• _INPUT DATA_:
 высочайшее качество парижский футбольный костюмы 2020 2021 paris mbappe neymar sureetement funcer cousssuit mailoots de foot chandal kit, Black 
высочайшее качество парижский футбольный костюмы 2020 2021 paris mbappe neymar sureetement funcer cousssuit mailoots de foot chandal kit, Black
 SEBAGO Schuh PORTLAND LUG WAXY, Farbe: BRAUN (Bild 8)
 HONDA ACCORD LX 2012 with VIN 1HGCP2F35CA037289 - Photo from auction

...

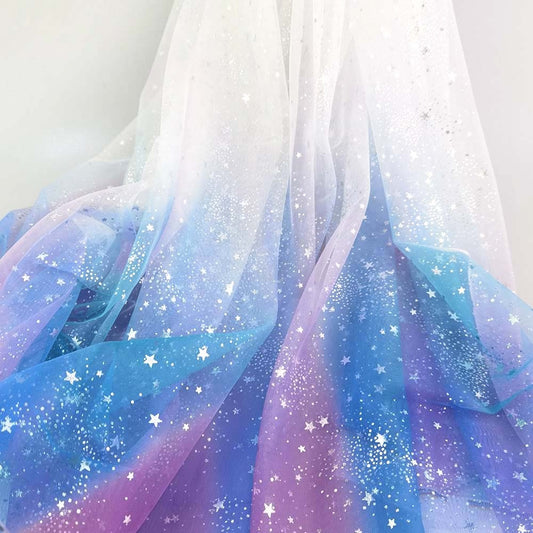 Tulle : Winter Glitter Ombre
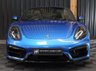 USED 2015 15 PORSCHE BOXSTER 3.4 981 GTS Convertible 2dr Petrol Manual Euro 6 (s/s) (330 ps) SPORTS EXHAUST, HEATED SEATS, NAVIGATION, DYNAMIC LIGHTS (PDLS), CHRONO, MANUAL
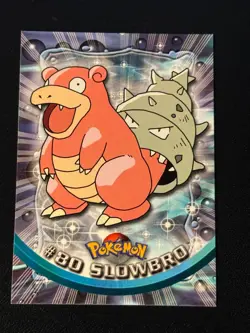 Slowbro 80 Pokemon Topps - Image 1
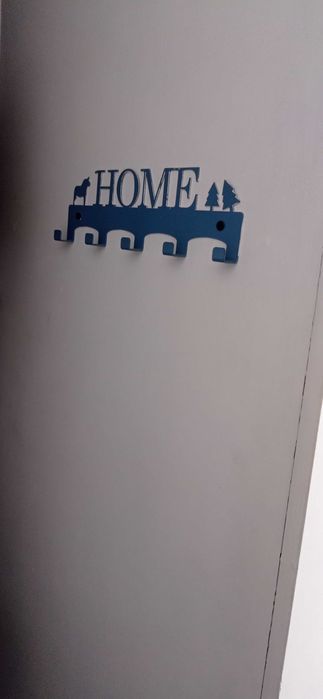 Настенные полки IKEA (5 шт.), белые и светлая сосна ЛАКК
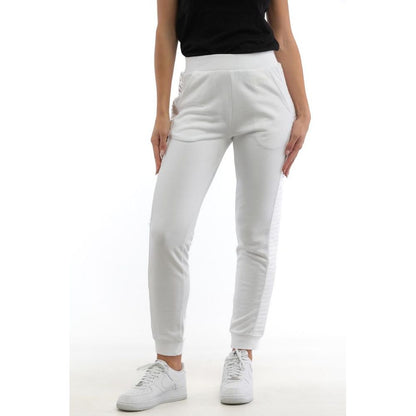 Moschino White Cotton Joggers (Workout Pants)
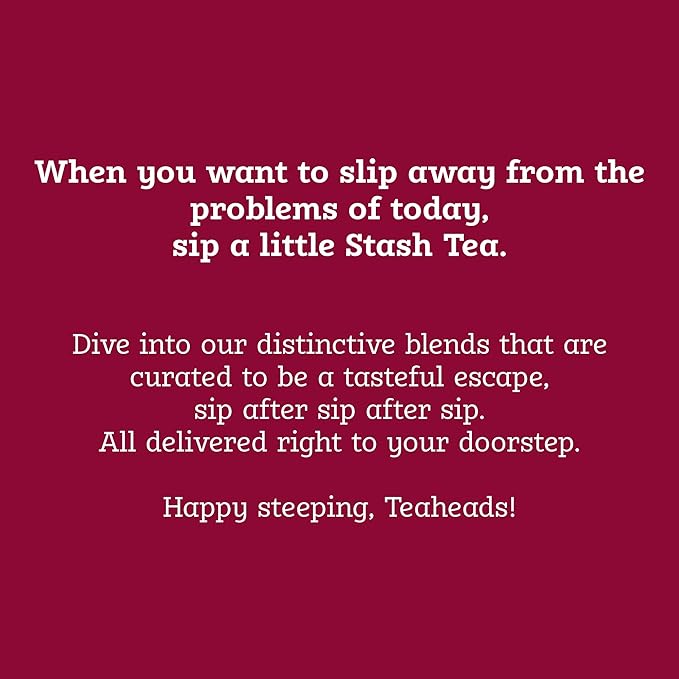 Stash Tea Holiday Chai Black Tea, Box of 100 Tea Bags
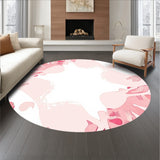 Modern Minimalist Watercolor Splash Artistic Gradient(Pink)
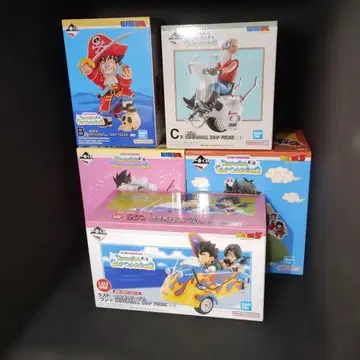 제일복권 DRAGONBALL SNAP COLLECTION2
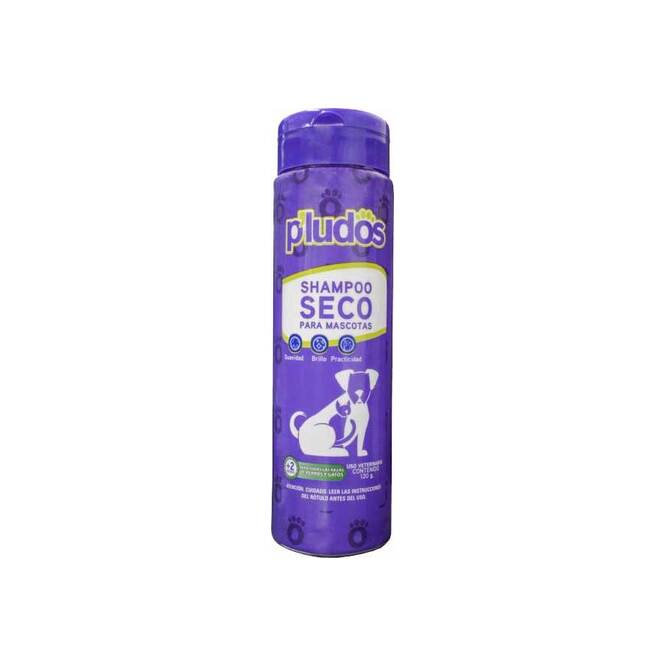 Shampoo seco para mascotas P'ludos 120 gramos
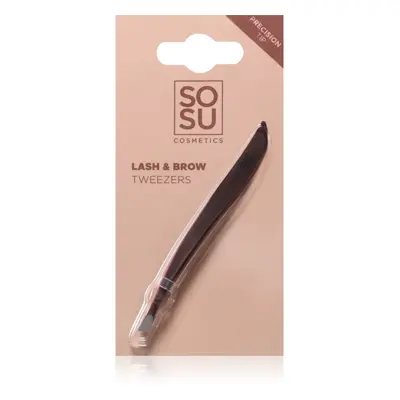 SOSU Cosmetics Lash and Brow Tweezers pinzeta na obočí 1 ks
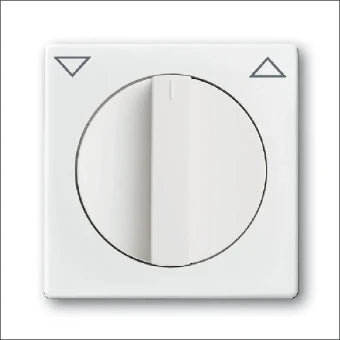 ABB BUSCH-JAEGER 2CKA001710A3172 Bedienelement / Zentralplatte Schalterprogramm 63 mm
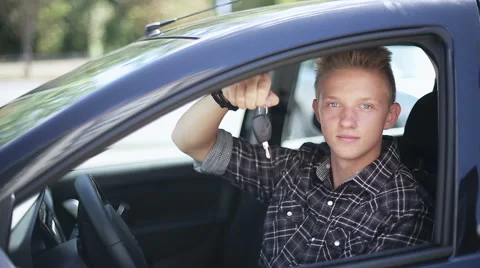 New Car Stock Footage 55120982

• _REQUIRED ACTION_: Answer with the number alone after working out how many lines in the records contain the string "высочайшее".

• _TASK RESULT_: 2